## PROBLEM REQUIREMENTS:
Everything in the entries except the pictures must be duplicated exactly.

═══ MATERIAL FOR THIS EXERCISE ═══

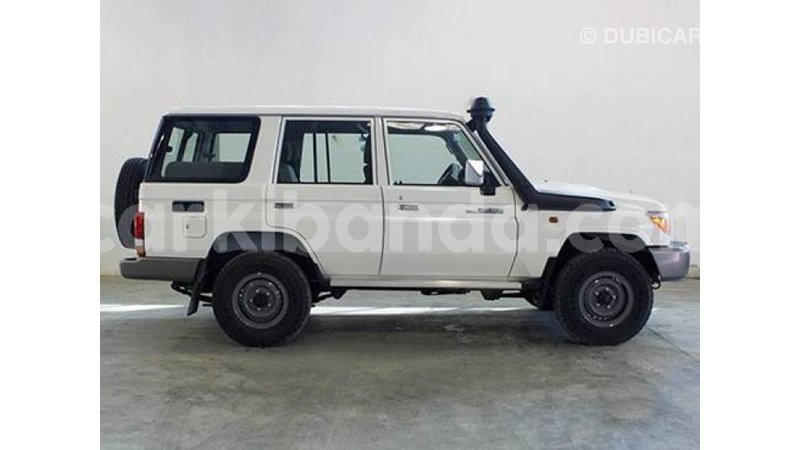 Big with watermark toyota land cruiser uganda import dubai 7881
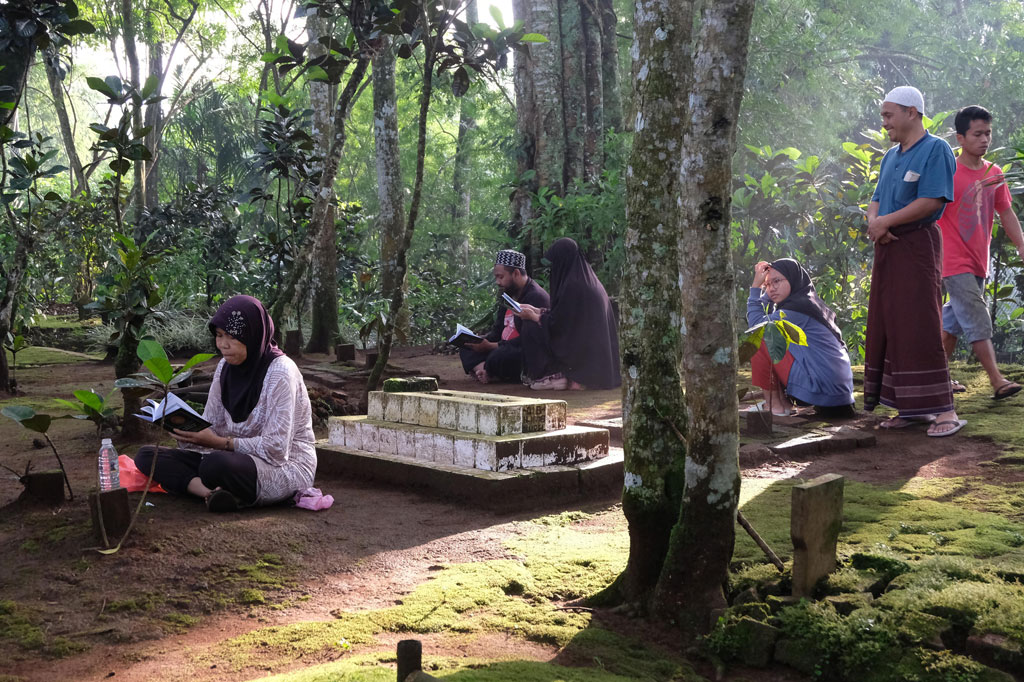 Tradisi bersih makam di desa tersebut dilakukan warga setiap Jumat Wage bulan Ruwah penanggalan Jawa dalam rangka menyambut datangnya Ramadan sekaligus mendoakan arwah leluhur.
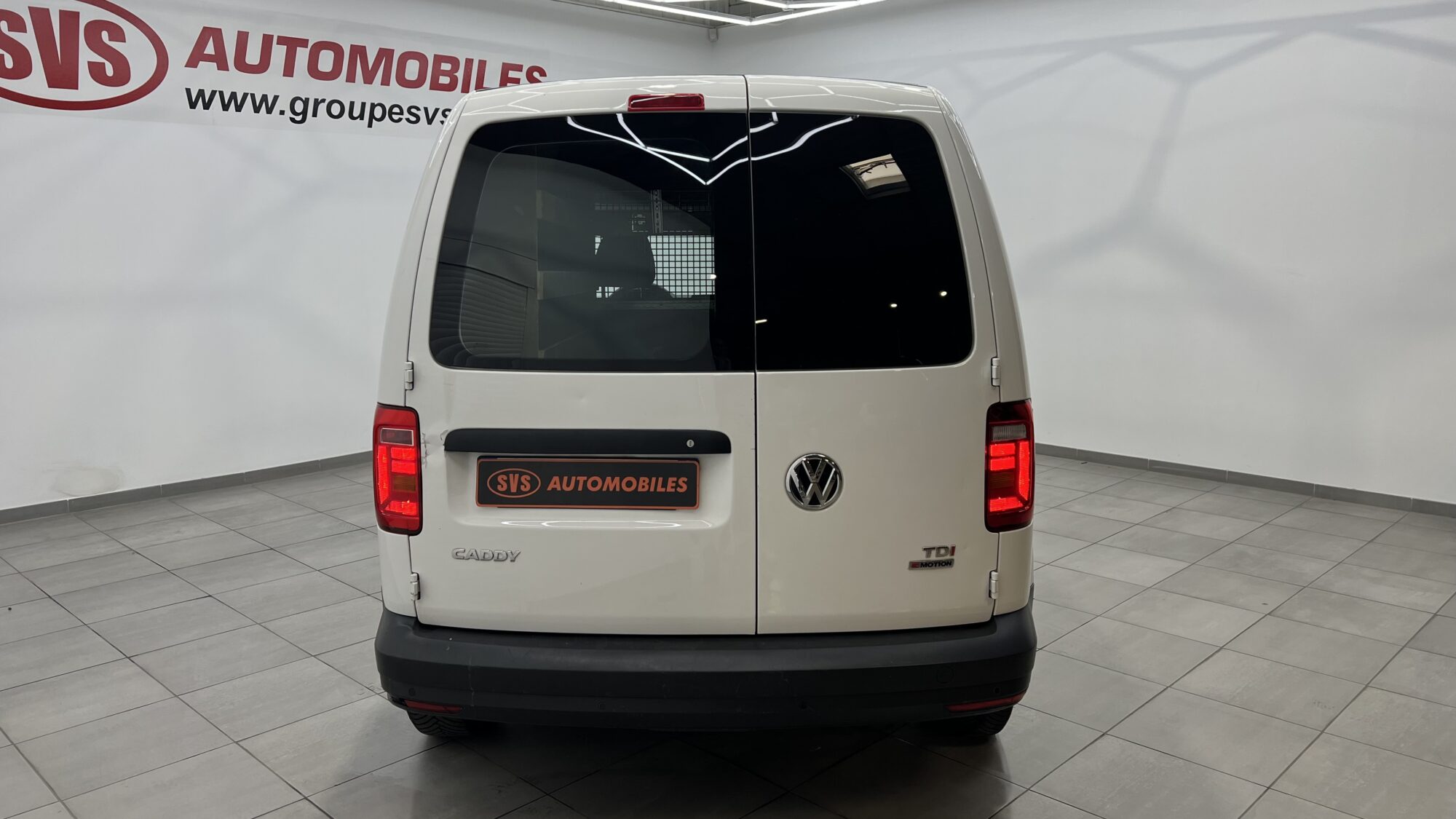 VOLKSWAGEN CADDY VAN 2.0 TDI 122 4MOTION BVM6 BUSINESS LINE + 1 611 EUROS D'OPTIONS – Image 9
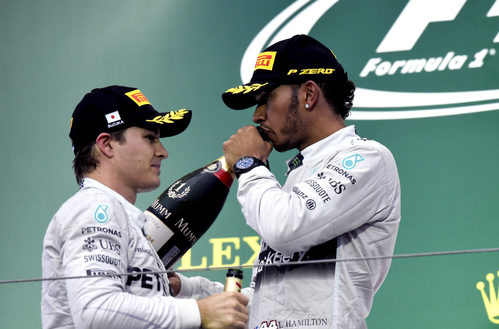 Nico Rosberg y Lewis Hamilton en el podio de Suzuka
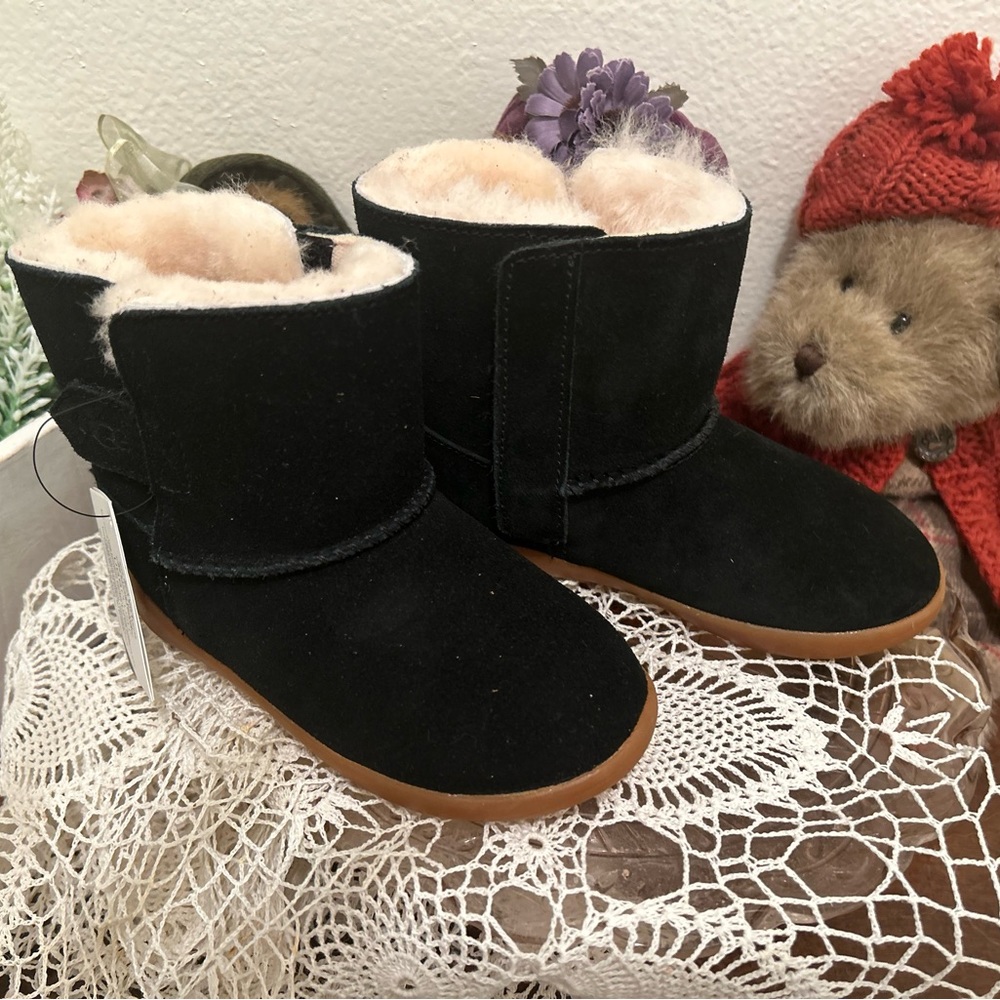 UGG Toddler Keegan boot.  Black size 8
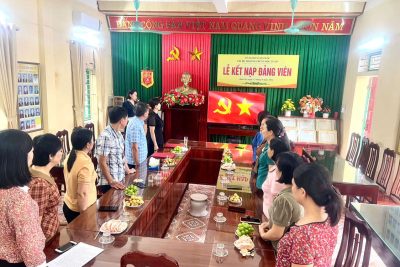 CHI BỘ TRƯỜNG THCS HẢI LỘC LỄ KẾT NẠP ĐẢNG VIÊN
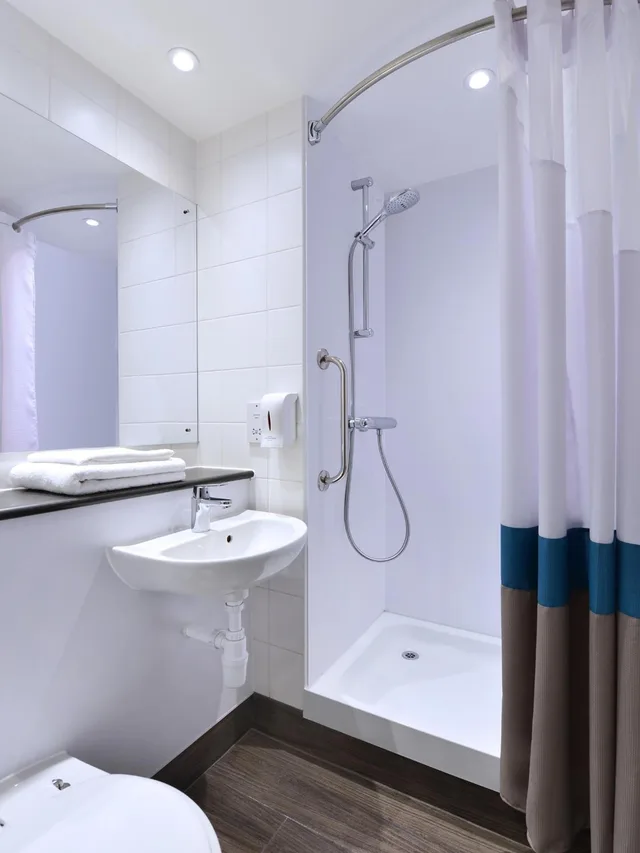 غرفة بسريرين منفصلين بحمام خاص، Travelodge Plus - Galway City 7/7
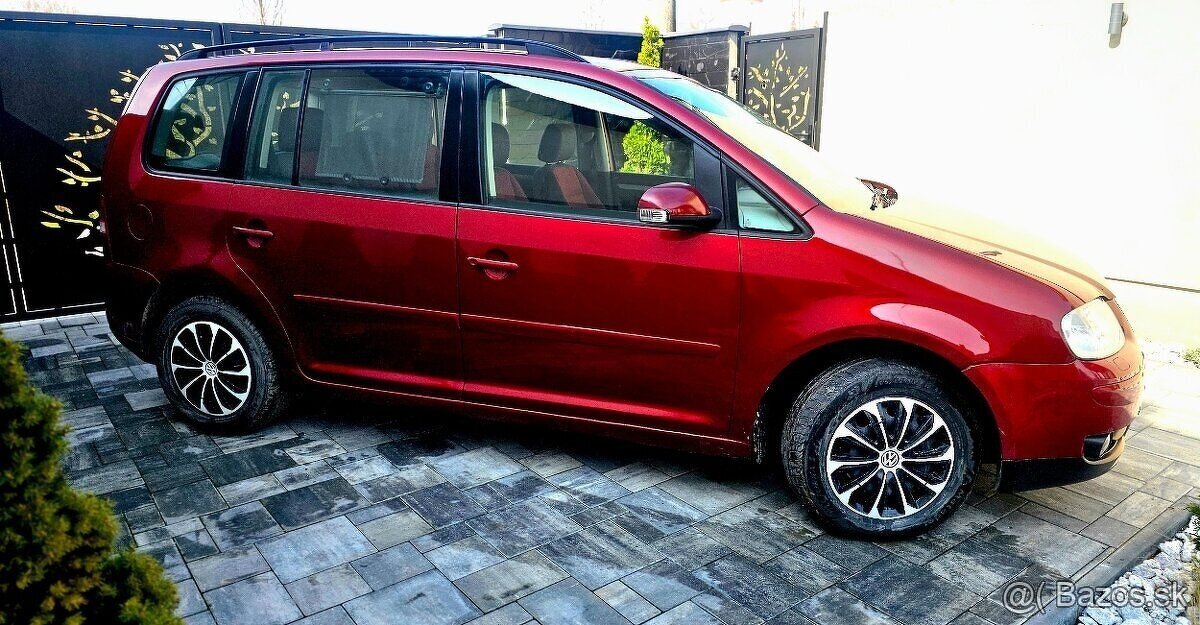 Volkswagen Touran 1.9 TDI DSG - 5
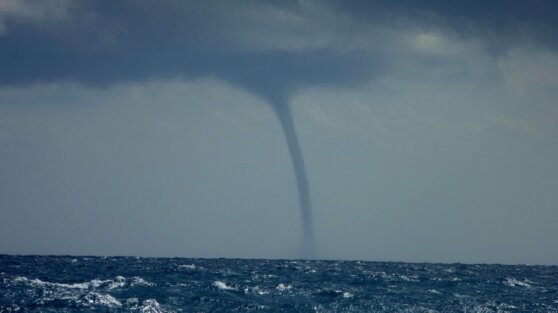 Мощный смерч на Кубани разрушил местный пляж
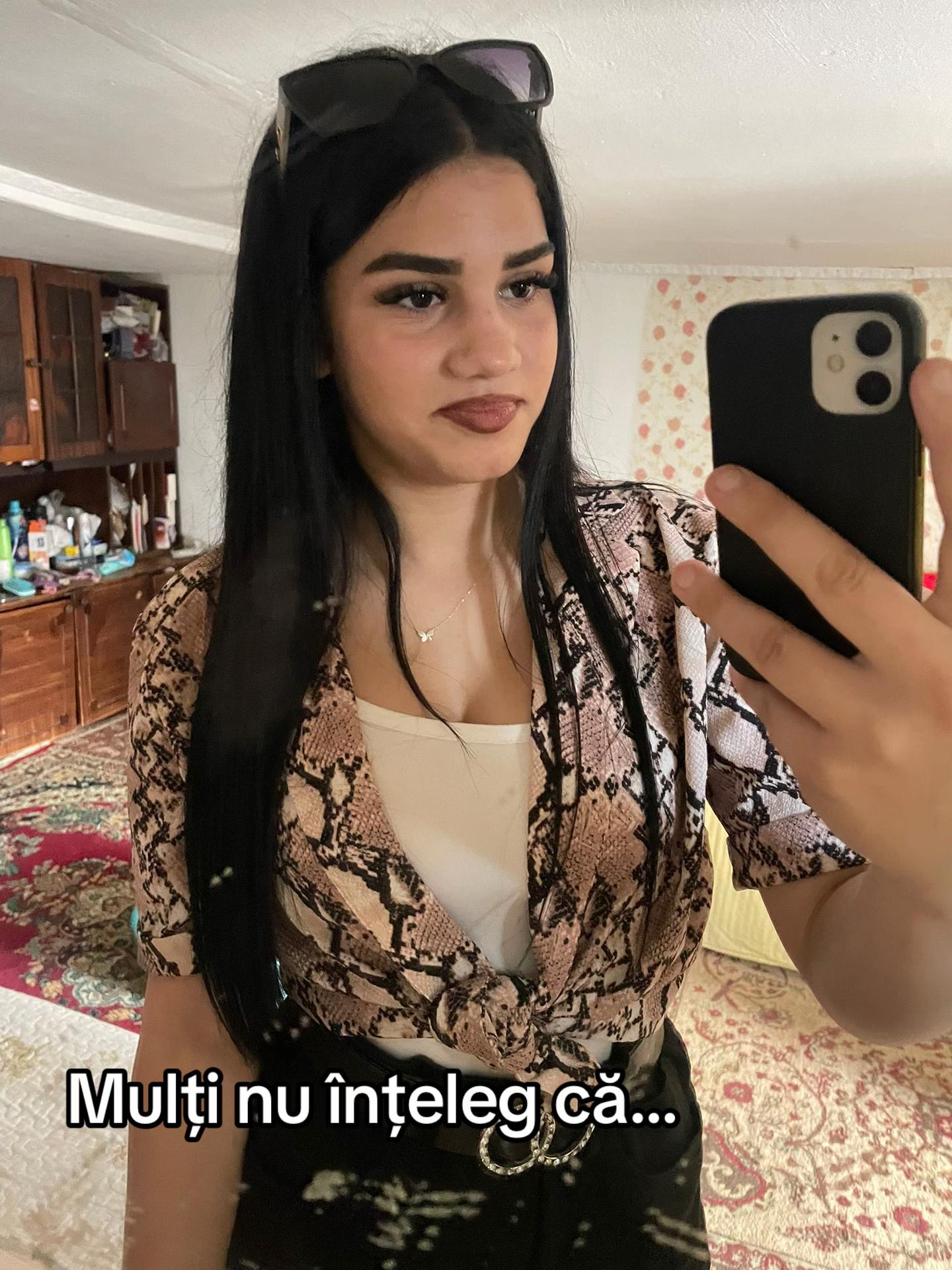 @b_denisa🫀🤍
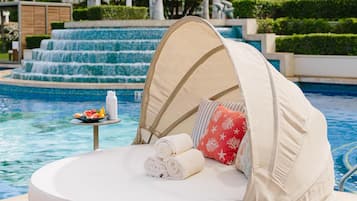 9 outdoor pools, pool cabanas (surcharge), pool loungers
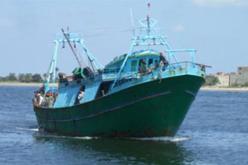 بالصورة..  صيادون يشعلون النار في طفل حاول الصيد بمنطقتهم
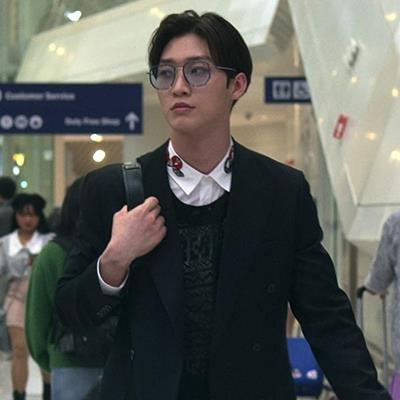 XO, Kitty: Cuốn phim hường phấn của giới Rich Kid 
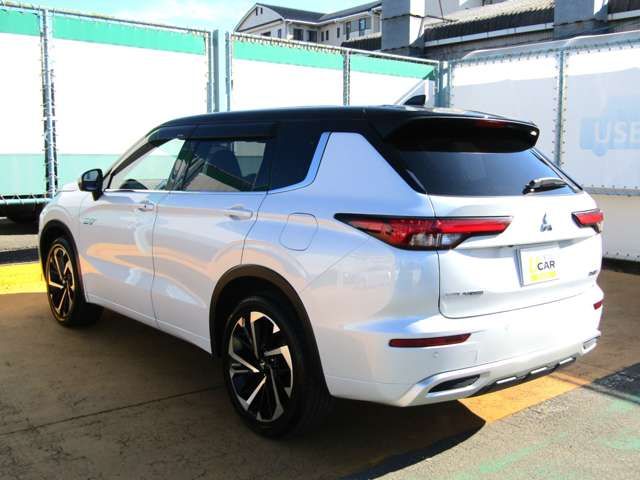 MITSUBISHI OUTLANDER PHEV 2023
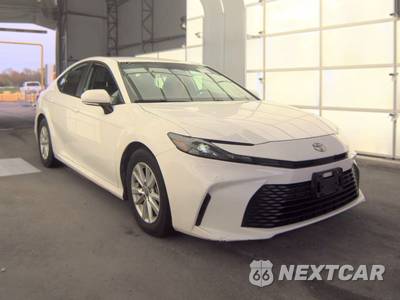 2025 Toyota Camry LE - zdjęcie 3 z 28 - miniatura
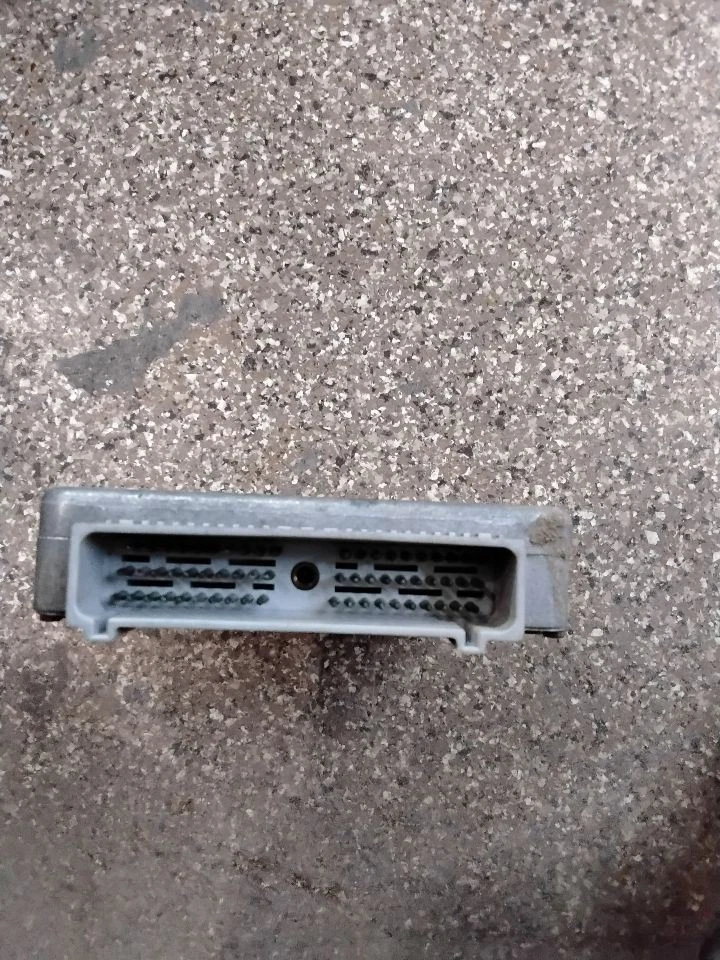 Engine ECM Electronic Control Module 4-116 1.9L SOHC Fits 93 ESCORT 1662467 Foto 3 de 3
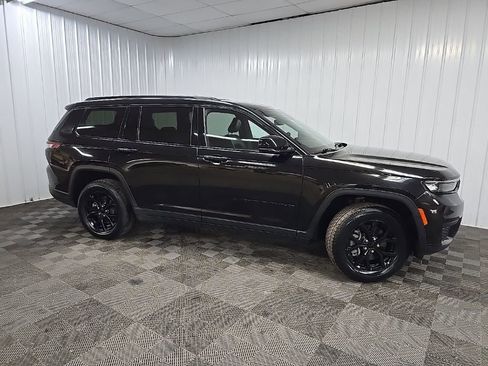 Used 2024 Jeep Grand Cherokee L Laredo AWD/4WD image 1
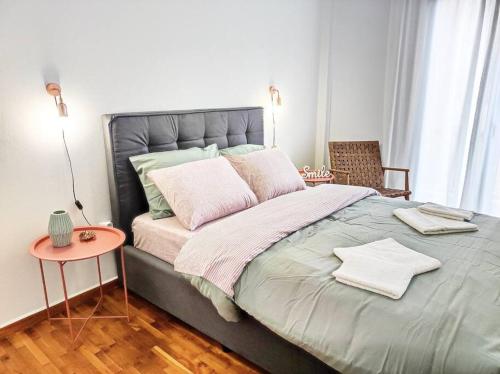 Postel nebo postele na pokoji v ubytování As ✓Two bedroom apartment in thissio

═══

## EXERCISE RESPONSE:
 Big with watermark toyota land cruiser uganda import dubai 7881
 Tradisi bersih makam di desa tersebut dilakukan warga setiap Jumat Wage bulan Ruwah penanggalan Jawa dalam rangka menyambut datangnya Ramadan sekaligus mendoakan arwah leluhur.
 VOLKSWAGEN CADDY VAN 2.0 TDI 122 4MOTION BVM6 BUSINESS LINE + 1 611 EUROS D'OPTIONS – Image 9
 Nico Rosberg y Lewis Hamilton en el podio de Suzuka
 UGG Toddler Keegan boot.  Black size 8
 CHI BỘ TRƯỜNG THCS HẢI LỘC LỄ KẾT NẠP ĐẢNG VIÊN
 غرفة بسريرين منفصلين بحمام خاص، Travelodge Plus - Galway City 7/7
 Volkswagen Touran 1.9 TDI DSG - 5
 Мощный смерч на Кубани разрушил местный пляж
 @b_denisa🫀🤍
 9 outdoor pools, pool cabanas (surcharge), pool loungers
 بالصورة..  صيادون يشعلون النار في طفل حاول الصيد بمنطقتهم
 XO, Kitty: Cuốn phim hường phấn của giới Rich Kid 
 MITSUBISHI OUTLANDER PHEV 2023
 2025 Toyota Camry LE - zdjęcie 3 z 28 - miniatura
 Engine ECM Electronic Control Module 4-116 1.9L SOHC Fits 93 ESCORT 1662467 Foto 3 de 3
 Used 2024 Jeep Grand Cherokee L Laredo AWD/4WD image 1
 Postel nebo postele na pokoji v ubytování As ✓Two bedroom apartment in thissio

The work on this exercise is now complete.